**Source data:**
####

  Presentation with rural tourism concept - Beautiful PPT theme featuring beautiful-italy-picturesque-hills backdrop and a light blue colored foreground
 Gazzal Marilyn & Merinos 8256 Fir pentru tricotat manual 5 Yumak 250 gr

####

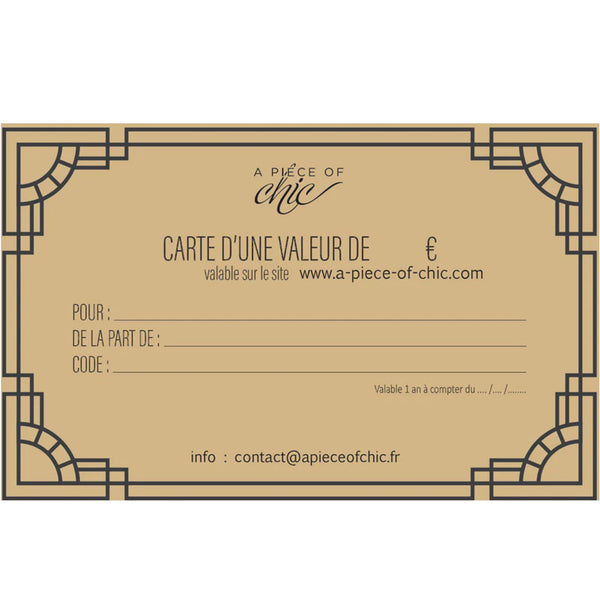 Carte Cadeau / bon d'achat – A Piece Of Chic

####

**Task to complete:** Where the line holding "Presentation with rural" appears in the listing above, start reproducing exactly, and end with the line holding "Gazzal Marilyn &".

**Written solution:**
  Presentation with rural tourism concept - Beautiful PPT theme featuring beautiful-italy-picturesque-hills backdrop and a light blue colored foreground
 Gazzal Marilyn & Merinos 8256 Fir pentru tricotat manual 5 Yumak 250 gr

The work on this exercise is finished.